**Information shown:**
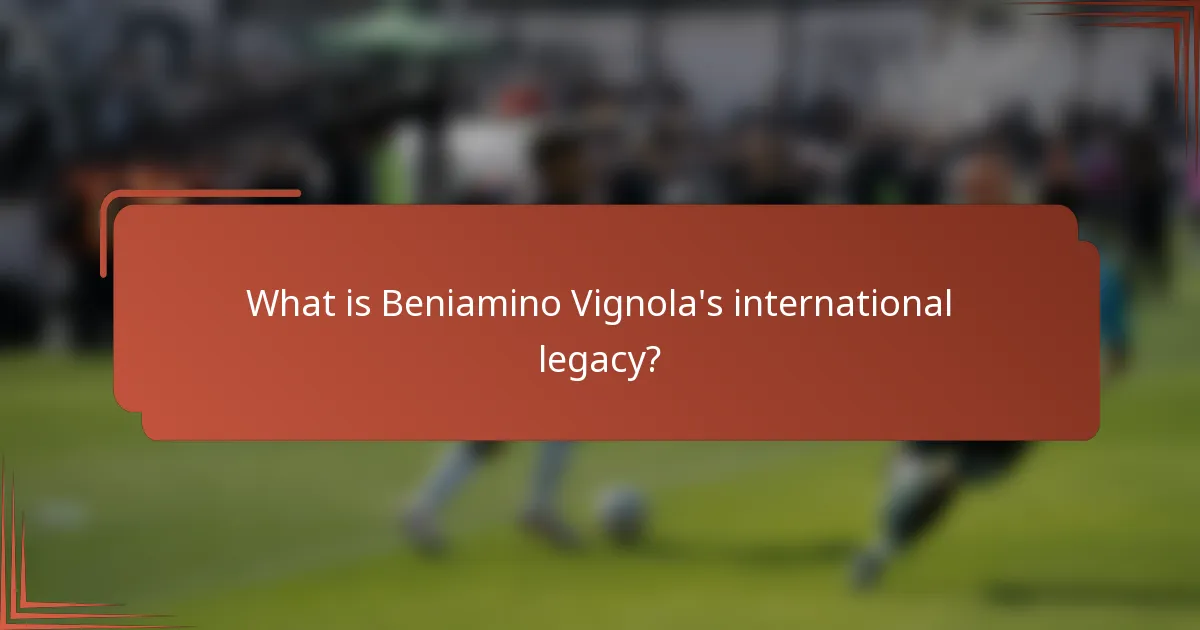 What is Beniamino Vignola's international legacy?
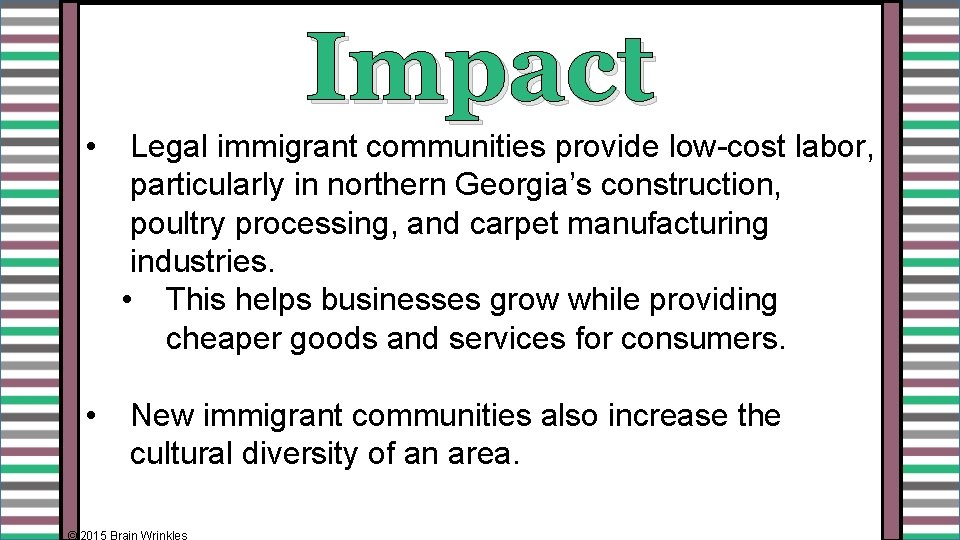 Impact • Legal immigrant communities provide low-cost labor, particularly in northern Georgia’s construction, poultry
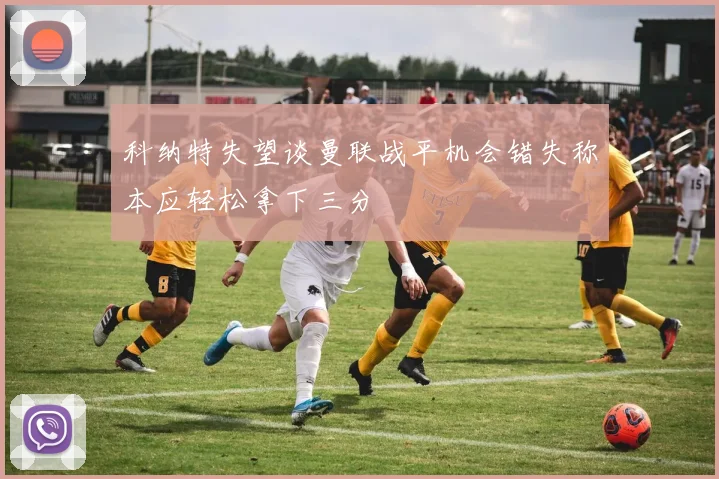 科纳特失望谈曼联战平机会错失称本应轻松拿下三分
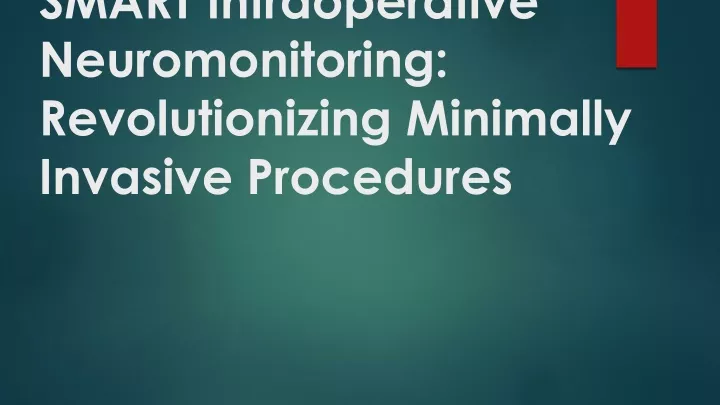 smart intraoperative neuromonitoring revolutionizing minimally invasive procedures
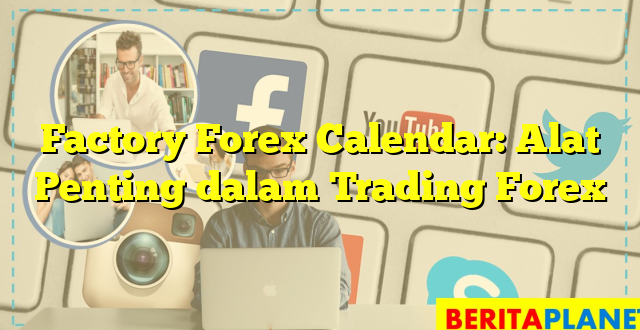 Factory Forex Calendar: Alat Penting dalam Trading Forex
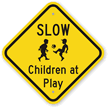 Slow Children At Play Sign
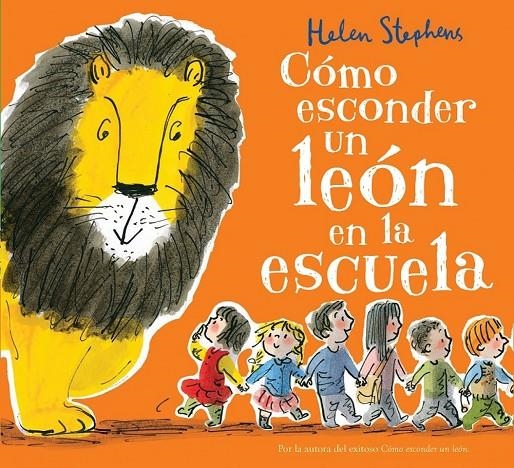 CÓMO ESCONDER UN LEÓN EN LA ESCUELA | 9788416712106 | STEPHENS, HELEN | Llibreria Online de Banyoles | Comprar llibres en català i castellà online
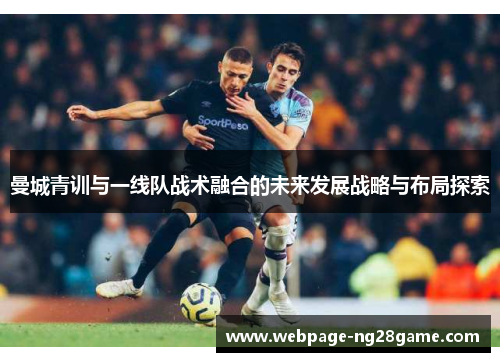 曼城青训与一线队战术融合的未来发展战略与布局探索 曼城青训与一线队战术融合的未来发展战略与布局探索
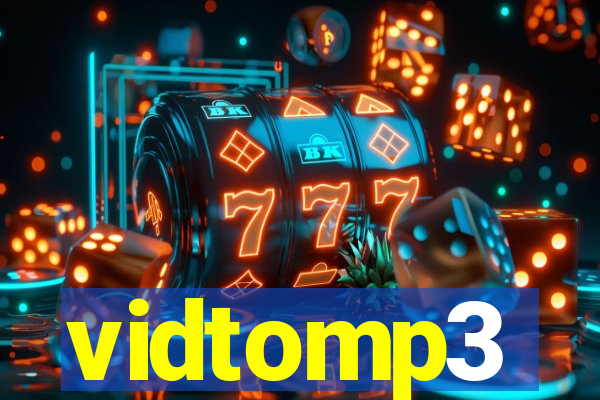 vidtomp3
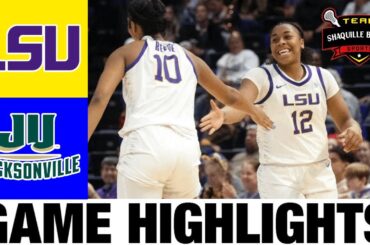 #7 LSU vs Jacksonville Highlights | NCAA Women's Basketball | 2023 College Basketball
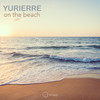 On Te Beach - Yurierre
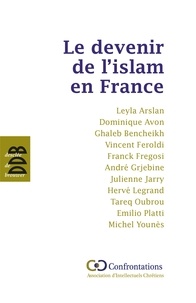 Ghaleb Bencheickh et Vincent Feroldi - Le devenir de l'islam en France.
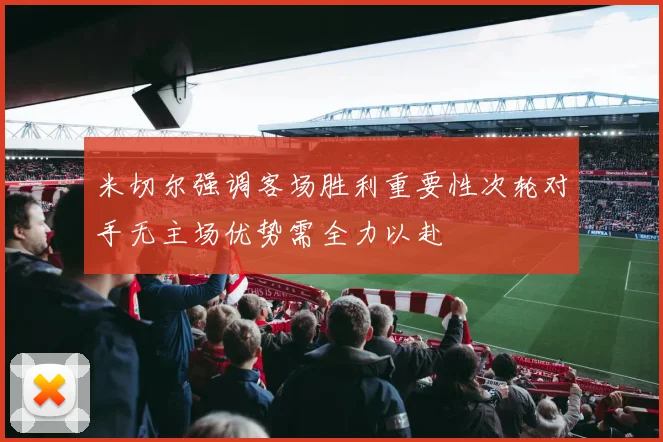 米切尔强调客场胜利重要性次轮对手无主场优势需全力以赴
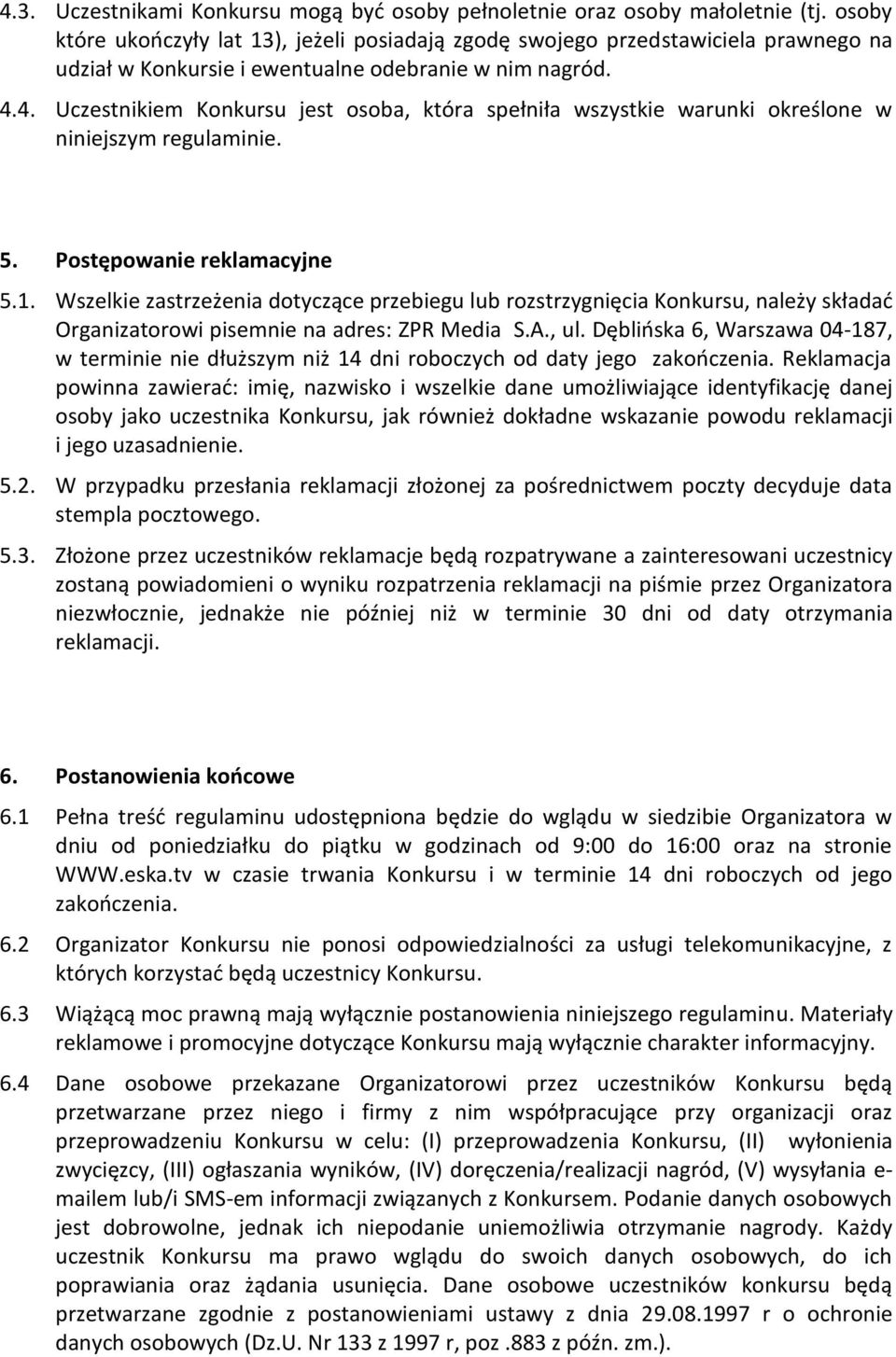 4. Uczestnikiem Konkursu jest osoba, która spełniła wszystkie warunki określone w niniejszym regulaminie. 5. Postępowanie reklamacyjne 5.1.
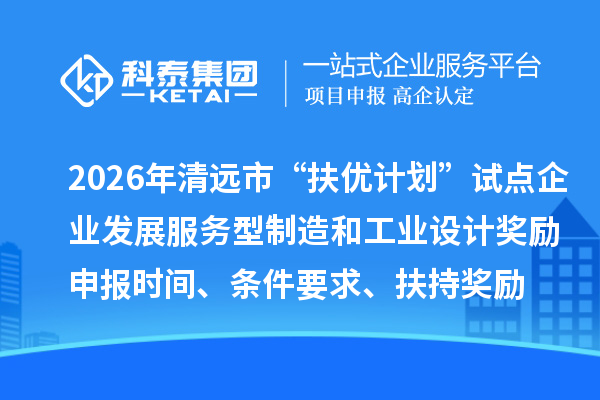 2026年清遠市“扶優(yōu)計劃”試點企業(yè)發(fā)展服務型制造和工業(yè)設計獎勵申報時間、條件要求、扶持獎勵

**Required work:**
Please copy the data shown above word for word, omitting the pictures.

**Solution to the exercise:**
 What is Beniamino Vignola's international legacy?
 Impact • Legal immigrant communities provide low-cost labor, particularly in northern Georgia’s construction, poultry
 科纳特失望谈曼联战平机会错失称本应轻松拿下三分
 smart intraoperative neuromonitoring revolutionizing minimally invasive procedures
 Factory Forex Calendar: Alat Penting dalam Trading Forex
 Slow Children At Play Sign
 CÓMO ESCONDER UN LEÓN EN LA ESCUELA | 9788416712106 | STEPHENS, HELEN | Llibreria Online de Banyoles | Comprar llibres en català i castellà online
 曼城青训与一线队战术融合的未来发展战略与布局探索 曼城青训与一线队战术融合的未来发展战略与布局探索
 vidtomp3
 #7 LSU vs Jacksonville Highlights | NCAA Women's Basketball | 2023 College Basketball
 On Te Beach - Yurierre
 Ghaleb Bencheickh et Vincent Feroldi - Le devenir de l'islam en France.
 米切尔强调客场胜利重要性次轮对手无主场优势需全力以赴
 4. Uczestnikiem Konkursu jest osoba, która spełniła wszystkie warunki określone w niniejszym regulaminie. 5. Postępowanie reklamacyjne 5.1.
 2026年清遠市“扶優(yōu)計劃”試點企業(yè)發(fā)展服務型制造和工業(yè)設計獎勵申報時間、條件要求、扶持獎勵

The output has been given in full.